The Asian Network of People who Use Drugs (ANPUD) led a global petition demanding Apple Incorporation’s Chief Executive Officer (CEO) Mr. Tim Cook to urgently perform a formal review and remove all the apps made available by Apple immediately and issue an apology for hosting insensitive content. The letter was submitted to Mr. Cook on October 10, 2017. Our sincere thanks to the 131 organizations who supported the letter.

The petition was a successful advocacy effort in that the letter was able to generate huge media attention and some of the games were removed from the App Store. The case study is intended to document the story of victory and disseminate the detailed set of actions performed in the process. We hope that it will inform and inspire more advocacy actions from ANPUD as well as the community of people who use drugs facing challenges at different level.

Background

In June 2016, President Rodrigo Duterte of the Philippines waged his bloody war on drugs with a nation-wide campaign called “Oplan Tokhang” – a portmanteau of two words meaning ‘to knock’ and ‘to plead’. The initially declared 90-days war, envisioned to end criminality, illegal drugs and corruption, was extended until 6 months, and yet it continued at the same scale even after a year with no sign of delivering the promised results to the people of the Philippines.

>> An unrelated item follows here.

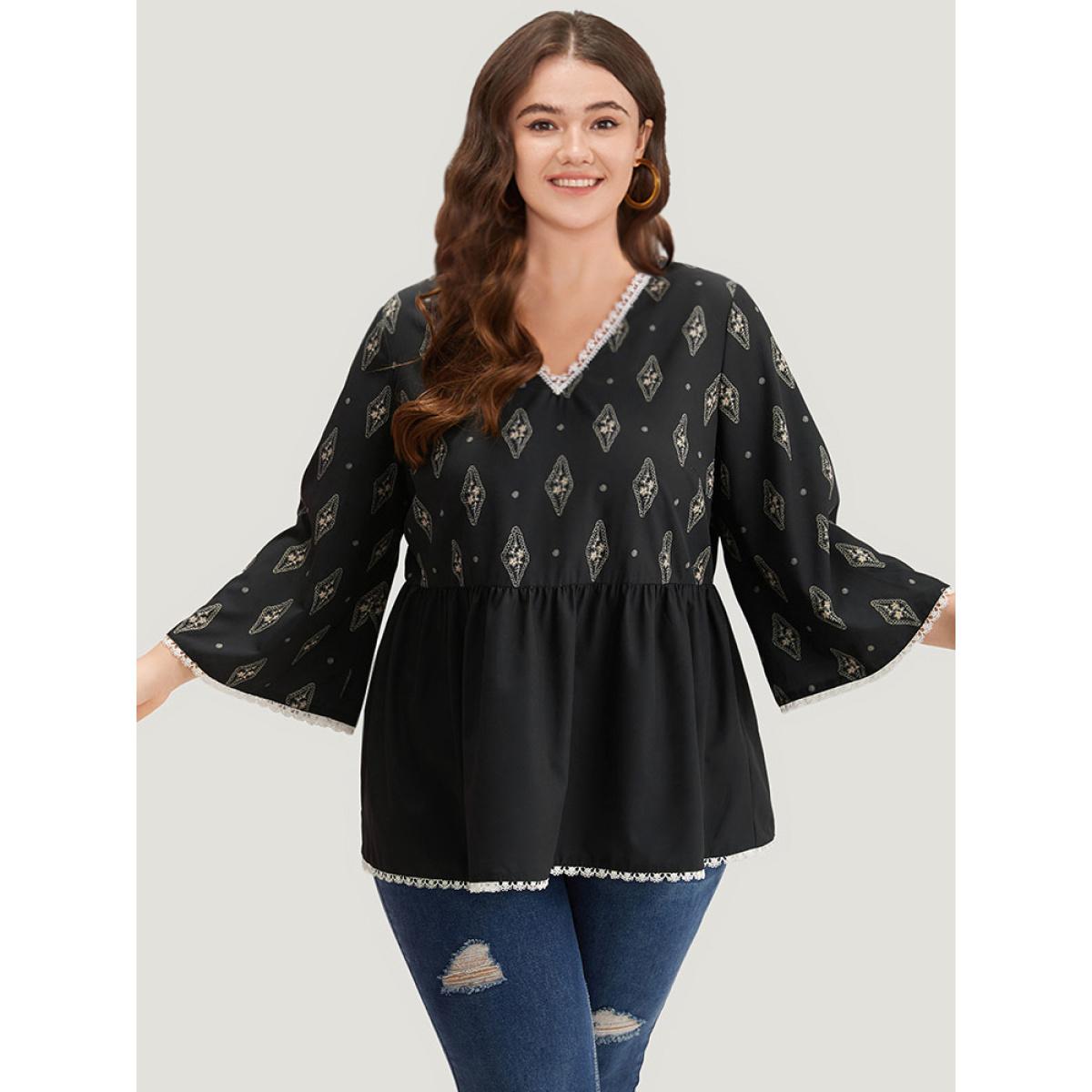 Plus Size Black Boho Print Guipure Lace V Neck Bell Sleeve Blouse Women Vacation Elbow-length sleeve V-neck Dailywear Blouses BloomChic 26/4X Product Image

As of this document was being developed, it had been a political debate on whether the killings were extrajudicial and if it constituted a crime against humanity. However, it could not change the fact that more than 13,000 people – many of them children – ostensibly suspected of using or selling drugs had lost their lives.

The truth was that it had merely been a ‘War on Poor’ bringing destruction to millions of lives of people who use drugs, including to thousands who were imprisoned under inhumane conditions and to the families and children of those who were killed.

Amid such crisis, numerous apps were made available through Apple App Store that actively promoted the war on people who use drugs in the Philippines. Some of these games had been downloaded by over a million iphone users. These games had to be removed immediately.